For most of the 13th century Trebizond was in continual conflict with the Seljuk Sultanate of Rûm and later with the Ottoman Turks, as well as Constantinople, the Italian republics, and especially the Republic of Genoa. It was an empire more in title than in fact, surviving by playing its rivals against each other, and offering the daughters of its rulers, who were famed for their beauty, for marriage with generous dowries, especially with the Turkish rulers of inland Anatolia. The common view is that the Empire of Trebizond relied heavily upon wealth gained from its trade with Genoese and Venetian merchants to secure for itself the resources necessary to maintain independence.

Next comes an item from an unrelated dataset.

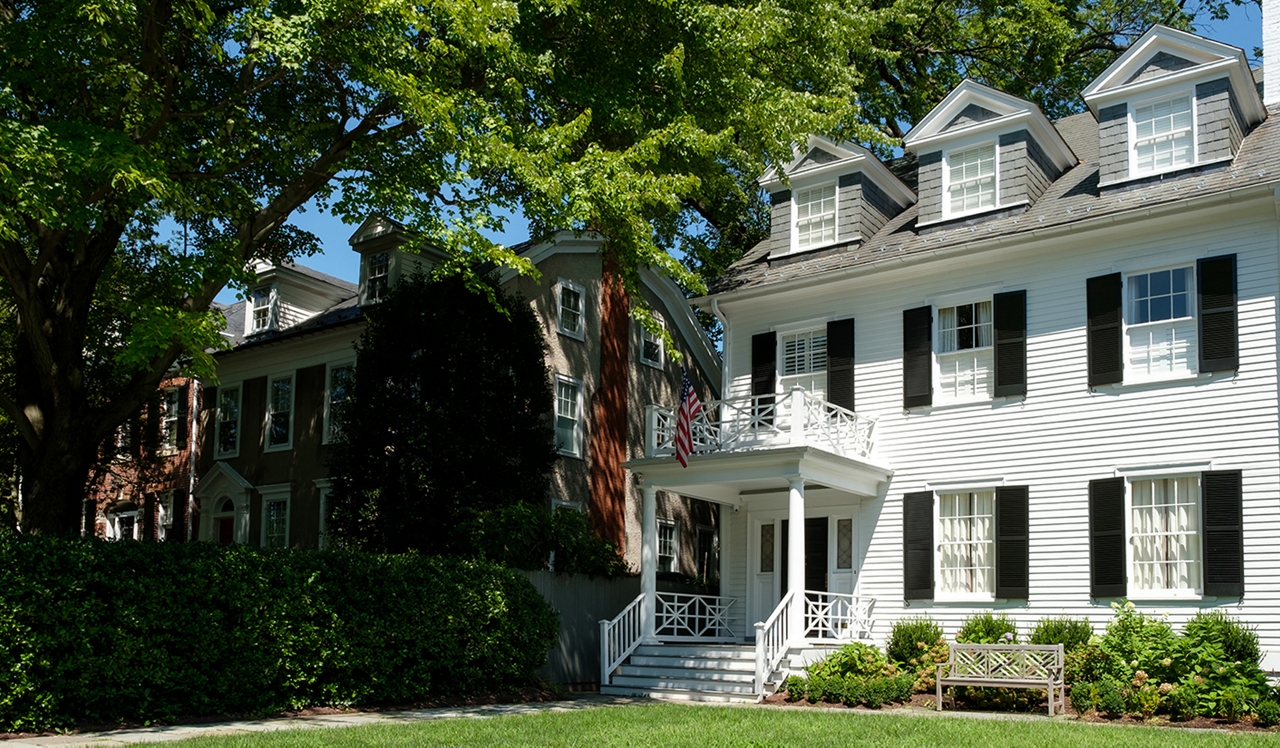 Vaughan Place in Washington, DC - Mclean Gardens.<p>&nbsp;</p>
<p style="text-align: center;">Explore the historic neighborhood of Mclean Gardens, a short 6-minute walk up the street.</p>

The second son of Alexios I, Manuel I (1238–1263), preserved internal security and acquired the reputation of a great commander. His accomplishments included capturing Sinope in 1254. He was the first ruler to issue silver coins, which were known as aspers.

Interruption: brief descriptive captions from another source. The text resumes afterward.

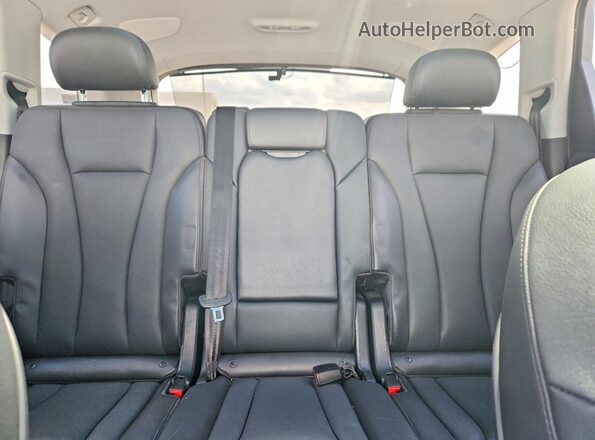 WA1VAAF71KD027842 2019 AUDI Q7 White უკანა სავარძლების ხედი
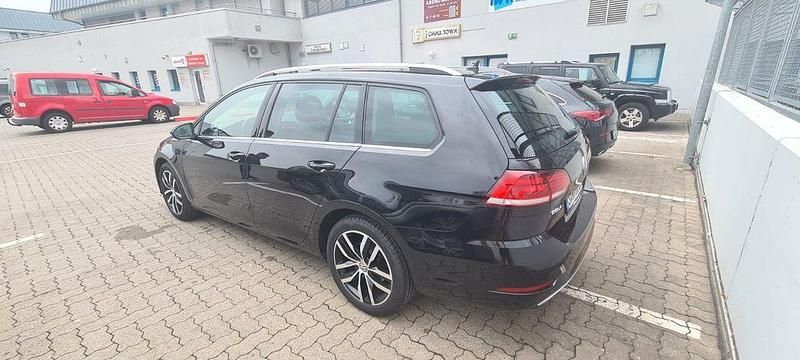 Gebraucht VW Golf VII Highline 150 PS (110 kW) 2018 Schwarz Kombi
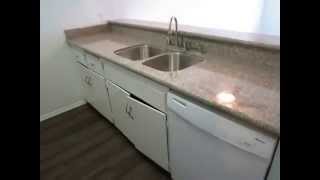 preview picture of video 'PL4905 - 2 Bed + 1.5 Bath Townhouse For Rent! (Van Nuys, CA)'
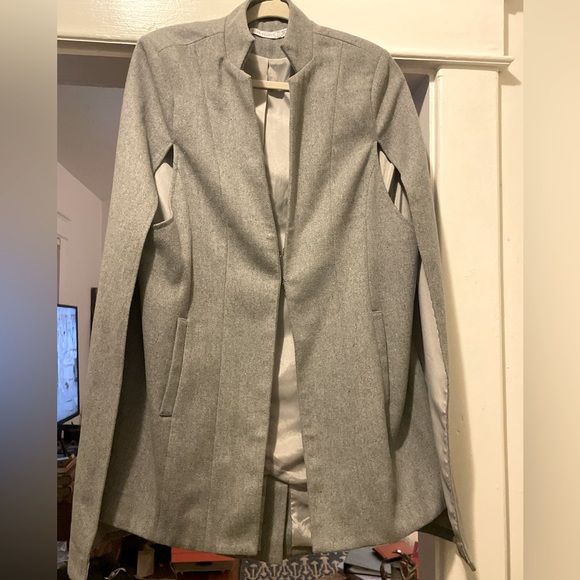 Cape Jacket - Picture 3 of 8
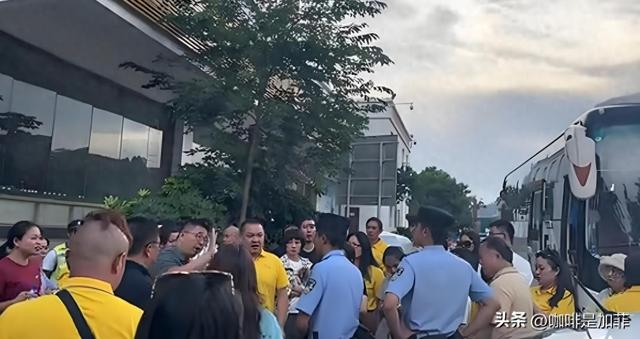 130名游客被丢服务区暴晒！旅游团六小时不发车！花钱也解决不了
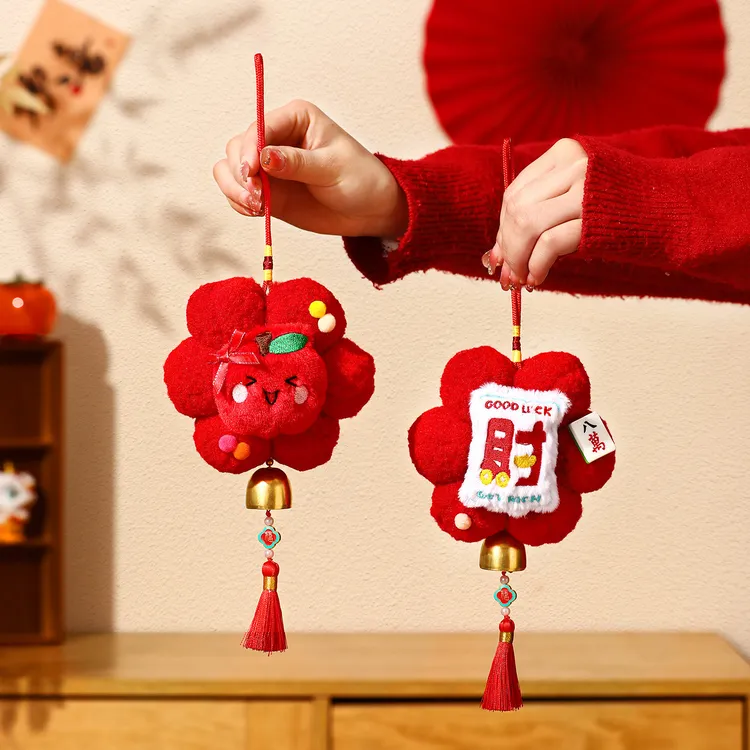 新年装饰毛绒花朵挂件客厅入户门挂2026新款马年过年春节氛围布置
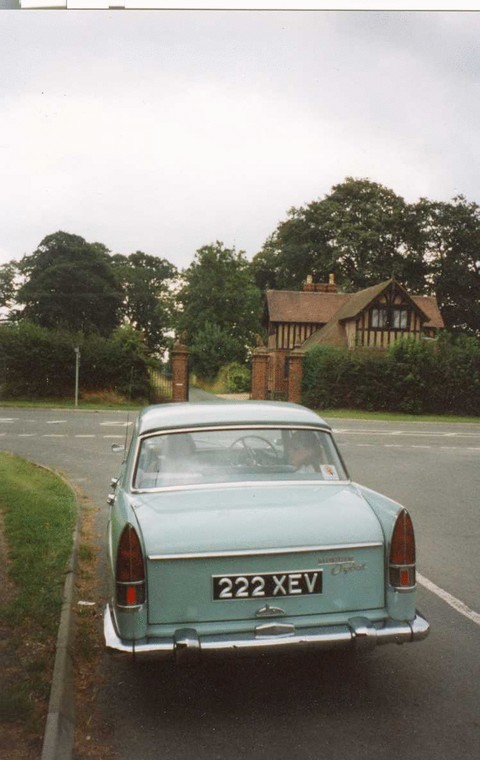 Morris Oxford V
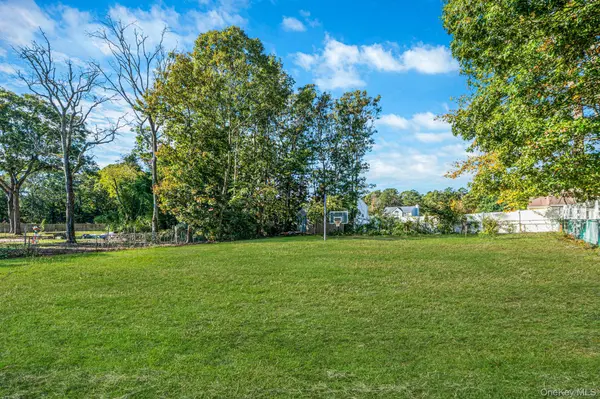 6 Dourland RD, Medford, NY 11763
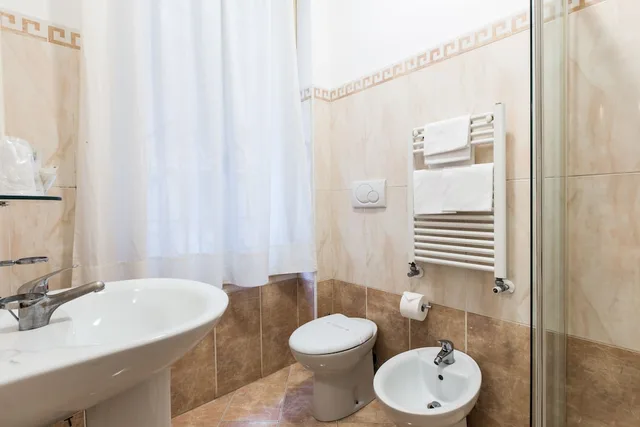 غرفة رباعية بسرير مزدوج وسريرين منفصلين، HOTEL AGLI ARTISTI 4/6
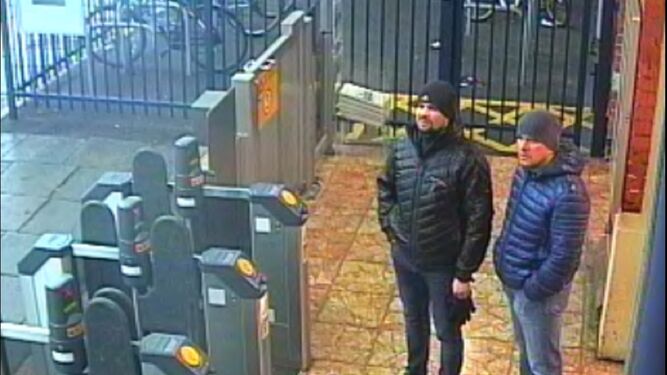 Los dos sospechosos del envenenamiento de los Skripal en la estación de metro de Salisbury.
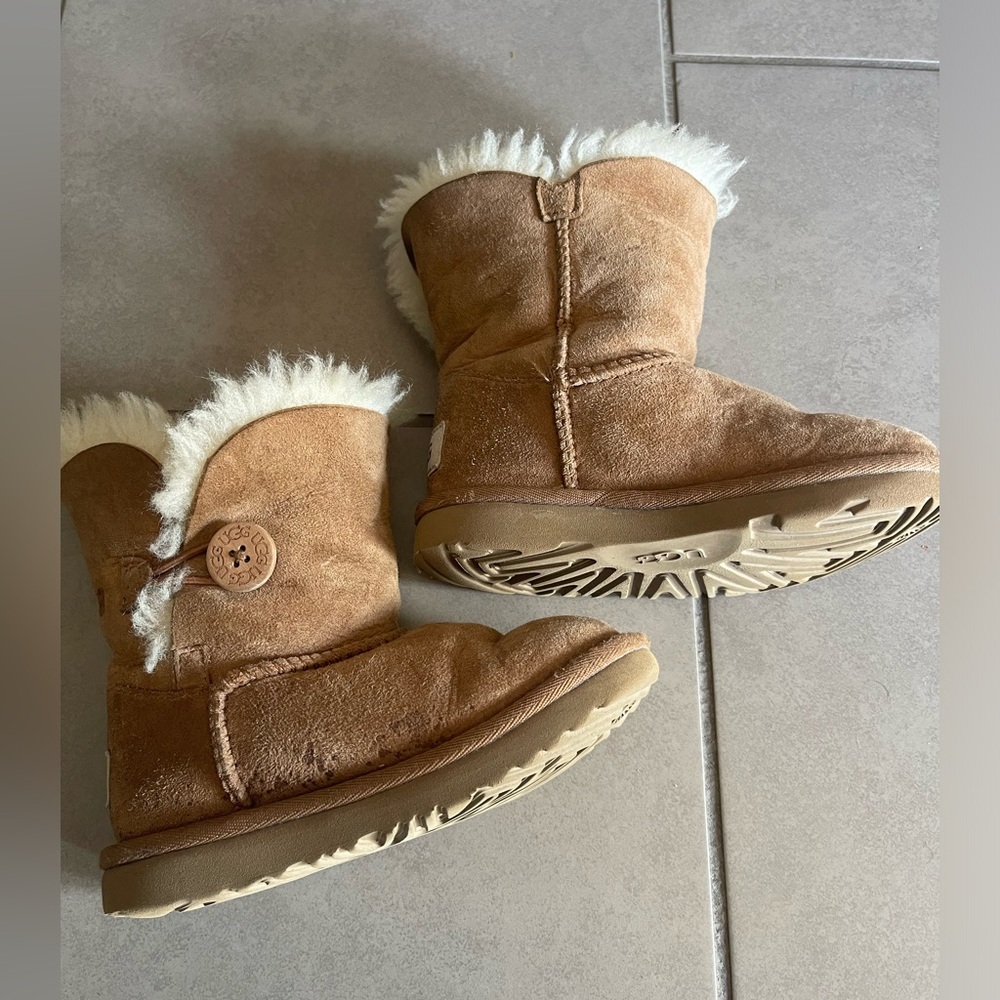 Ugg Bailey Toddler boots size 10c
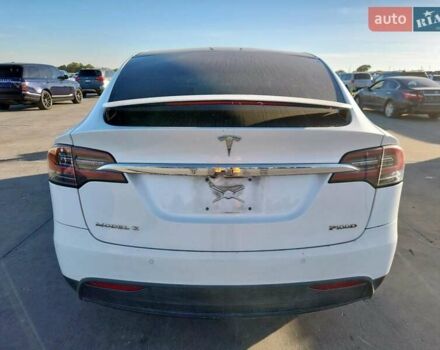 Білий Тесла Модель Х, об'ємом двигуна 0 л та пробігом 160 тис. км за 8200 $, фото 5 на Automoto.ua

The destruction of Baghdad by Hulagu Khan in 1258 diverted the western terminus of the Silk Road north to the Black Sea, and due to its link with their local capital at Tabriz, Trebizond accumulated tremendous wealth under the suzerainty of the Mongols. Western travelers used Trebizond as their starting point for journeys into Asia; these travelers included Marco Polo, who returned to Europe in 1295 by way of Trebizond. The troubled reign of Manuel's youngest son John II (1280–1297) included a reconciliation with the restored Byzantine Empire and the end of Trapezuntine claims to Constantinople. Trebizond enjoyed a period of wealth and influence during the long reign of John's eldest son Alexios II (1297–1330). During his reign, the city of Erzurum was also under Trebizond Empire occupation for a while around the 1310s.

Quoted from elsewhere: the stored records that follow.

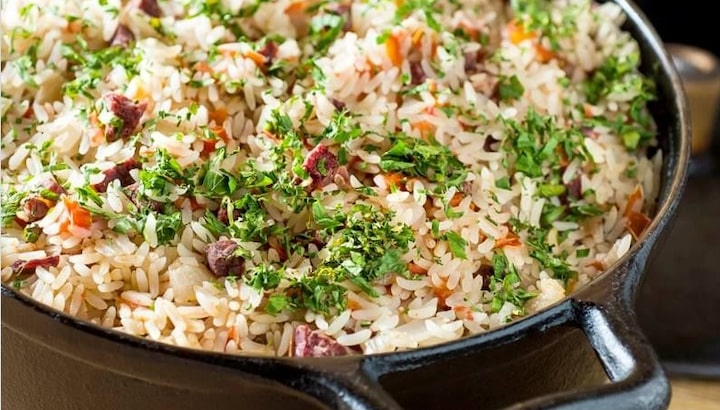como fazer arroz carreteiro gaúcho
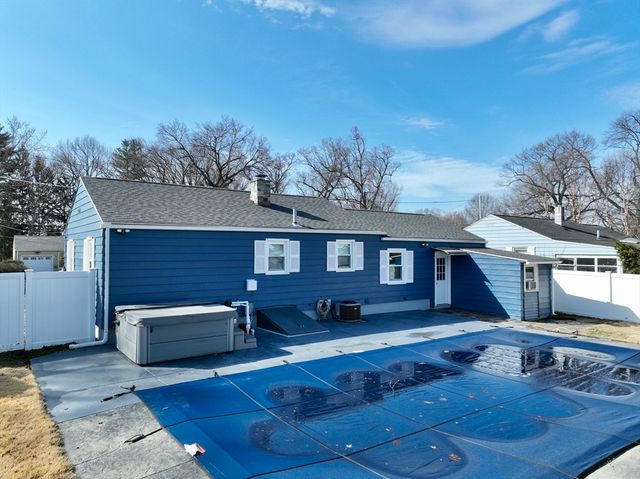 22 Harrington Rd, Chicopee, MA 01020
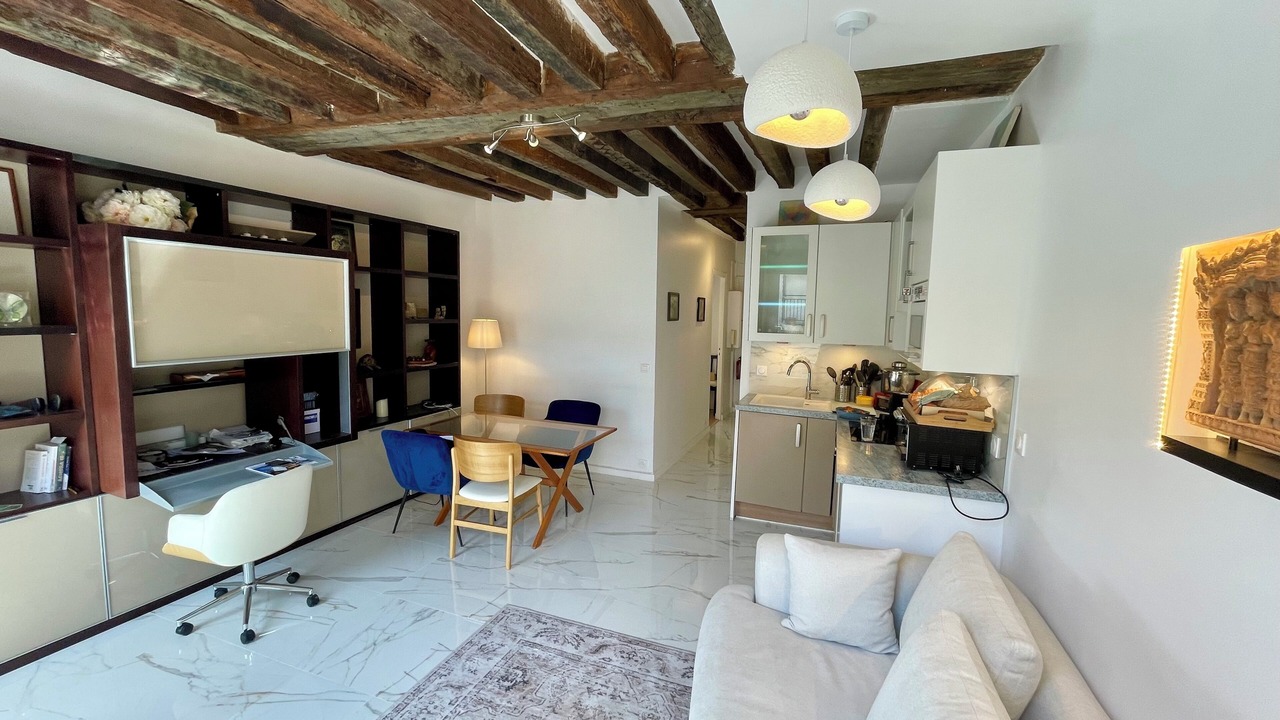 Photo of Livingroom in Les Halles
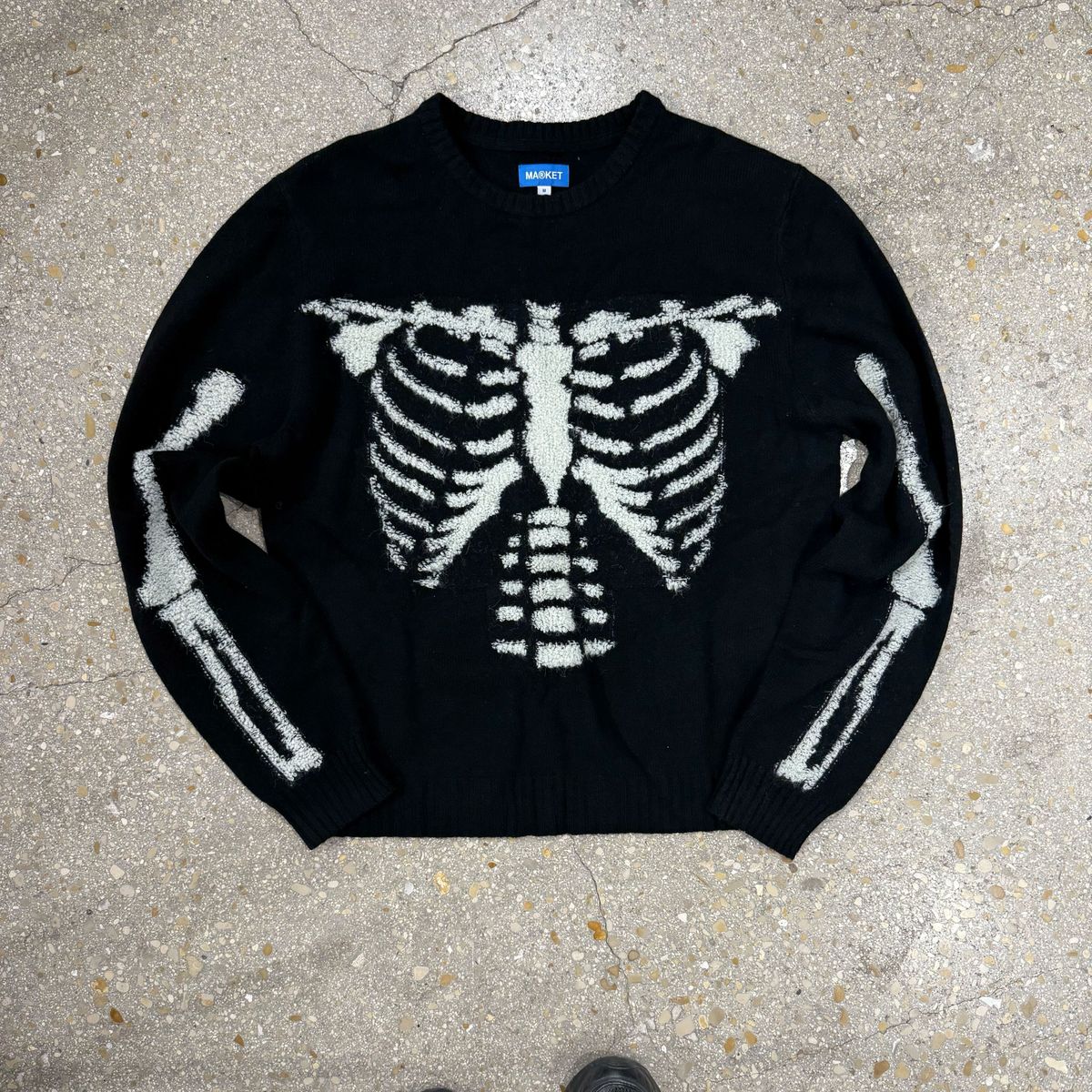 Market Sweater Black White - Image 2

From the civil wars to the end of the 14th centuryEdit
Following the death of Alexios II, Trebizond suffered a period of repeated imperial depositions and assassinations, despite a short period of stability under his youngest son Basil (1332–1340). Two groups struggled for ascendency: the Scholaroi, who have been identified as being pro-Byzantine, and the Amytzantarantes, who were identified as representing the interests of the native archontes. The years 1347–1348 marked the apex of this lawless period. The Turks took advantage of the weakness of the empire, conquering Oinaion and besieging Trebizond, while the Genoese seized Kerasus. In addition, the Black Death spread from Caffa to ravage Trebizond and other Pontic cities. Bending under the weight of the disasters that accumulated on his states, Emperor Michael abdicated in 1349 in favor of his nephew, Alexios III, who gradually brought the partisans of both factions under control.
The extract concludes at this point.